A slow-moving storm will take shape over the Plains during the second half of the week. The circulation around that storm will draw some moisture northward from the Gulf of Mexico.
States at risk for enough rain to cause flash and urban flooding problems spanning Wednesday to Saturday include Missouri, Illinois, Iowa, Wisconsin, Michigan, Arkansas and Tennessee.
While part of the region has had a few days of rain-free weather, enough rain could fall over a several-day stretch to bring renewed poor drainage area and small stream flooding. There is also the potential for new rises on rivers that have crested or are receding during the first part of this week, including the Illinois, Wabash and upper Mississippi rivers.
Most of the rain later this week is projected to fall south of the Red River of the North Basin. However, flooding from melting snow has already set that river on a path for moderate to major flooding.
Most stream and river systems in the area would be able to handle between 2 and 4 inches of rain spread over as many days. However, there is the potential for this sort of rainfall in less than half this time in some locations.
Snowstorm Potential: If all the right pieces were to fall into place, some communities over the central Plains that rarely get a foot of snow from a storm in January may be digging out from a foot of snow by the end of the week.

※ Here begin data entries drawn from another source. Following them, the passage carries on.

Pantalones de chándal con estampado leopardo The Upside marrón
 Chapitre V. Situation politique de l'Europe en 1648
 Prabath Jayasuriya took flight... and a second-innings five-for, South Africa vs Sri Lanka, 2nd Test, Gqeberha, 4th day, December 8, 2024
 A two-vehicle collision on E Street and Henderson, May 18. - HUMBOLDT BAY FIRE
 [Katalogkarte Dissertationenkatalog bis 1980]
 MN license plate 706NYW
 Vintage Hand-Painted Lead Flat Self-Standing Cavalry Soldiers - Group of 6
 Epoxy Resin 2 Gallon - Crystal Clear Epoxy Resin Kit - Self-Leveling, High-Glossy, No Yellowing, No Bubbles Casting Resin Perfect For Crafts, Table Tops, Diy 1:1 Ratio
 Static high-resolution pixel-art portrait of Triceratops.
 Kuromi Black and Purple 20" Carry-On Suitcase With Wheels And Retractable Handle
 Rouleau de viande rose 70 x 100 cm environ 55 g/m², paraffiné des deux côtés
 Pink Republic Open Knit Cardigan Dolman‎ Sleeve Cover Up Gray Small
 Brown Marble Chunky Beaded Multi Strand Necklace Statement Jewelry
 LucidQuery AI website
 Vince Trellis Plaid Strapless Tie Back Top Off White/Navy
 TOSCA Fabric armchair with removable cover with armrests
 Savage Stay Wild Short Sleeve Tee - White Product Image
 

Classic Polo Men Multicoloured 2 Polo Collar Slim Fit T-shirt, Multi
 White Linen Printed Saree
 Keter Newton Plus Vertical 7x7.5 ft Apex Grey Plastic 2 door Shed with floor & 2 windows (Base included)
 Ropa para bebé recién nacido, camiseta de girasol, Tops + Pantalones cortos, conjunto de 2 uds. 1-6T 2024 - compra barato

While such a storm is more common in Denver and the High Plains, such an event is increasingly more rare farther east and over lower elevations in the region. The storm would be hitting some areas from eastern Nebraska to northwestern Iowa, southeastern Minnesota and northwestern Wisconsin on May 2 and 3.
AccuWeather.com will continue to provide updates on the snowstorm, the return of cold air to the Plains and any severe weather and flooding consequences farther east in the Central states.
Details will follow as the week progresses.